Matango, from 1963, is a Japanese film from legendary kaiju filmmaker, and occasional assistant director to Akira Kurosawa, Ishiro Honda. The film follows a group of seven pleasure boaters who are caught in a storm west of Kyushu. The storm de-masts their sailboat and damages the engine, setting the group adrift. For good measure, and to aid the plot, the boat’s radio is busted, as well.
After a few days of drifting, the boat reaches a mysterious volcanic island. The group, hungry and thirsty, goes ashore to find food and, hopefully, rescue. There is no rescue to be had, however, as the island is deserted. But, people have been there before. On the far side of the island from where the group landed they find a barque fetched up on the beach. There’s no sign of passengers or crew. Also, it appears the ship was being used as a research vessel of some sort. Either way, the group decides to use the ship as shelter while they hunt for food and try and repair the sailboat.
There is plenty of potential food on the island. There’s a grove of flowering mushrooms nearby, but the group wisely stays away in case they are poisonous. Otherwise, the pickings are kind of slim. One of the group, Senzo (Kenji Sahara), has his own little black market, selling sea turtle eggs to wily businessman Kasai (Yoshio Tsuchiya).
Lack of food and being stranded aren’t the only problems facing the group, however. The mushroom grove is indicative of a fungal infestation affecting the entire island — one that may have something to do with the missing crew of the ship. One night, as Kasai is raiding the meager food stores on the ship, he is confronted by a man with a severely deformed head. It is a terrifying presence, and one that everyone in the group sees as it stands in the hatchway of the main cabin. But then that’s it. We see it, fade to black, and the next scene begins by showing the group discussing what they have seen.
It’s a jarring transition and a moment of supremely shitty filmmaking. It was as if Honda provided a scare for his audience in showing the deformed creature, then decided that was enough and moved on to the next scene, without providing any resolution whatsoever. It makes no sense. But it does fit in with the overall quality of the film.
There is some ambitious stuff in here, though. Honda was not an incompetent filmmaker, but he took a lot of shortcuts in this film. What does work is a lively visual style and a whole lot of kitsch. Every one of the characters is a cliché, from the crooked Senzo, to the flamboyant (for 1960s Japan) novelist Yoshida (Hiroshi Tachikawa), to the square-jawed, morally upright hero Kenji (Akira Kubo). The color palette is bright and somewhat psychedelic, as well.

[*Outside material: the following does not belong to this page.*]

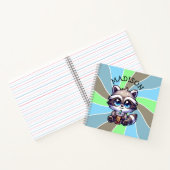 Schattigee Kawaii Raccoon met Bubble Tea Gepersona Notitieboek (Binnen)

The finale of the film, after a viewer has endured over an hour of setup, is one of the more outrageous finales one can find in a movie about killer plants or fungi or whatever stalking human beings. Sure, it’s a short list, and when one’s competition is The Day of the Triffids and The Navy vs. the Night Monsters, it’s easy to shine. But, when those mushroom people make their appearance in full regalia, with a bizarre soundtrack to boot, it makes the entire shitty journey worth it. Still, Alien: Resurrection is a better movie than Matango.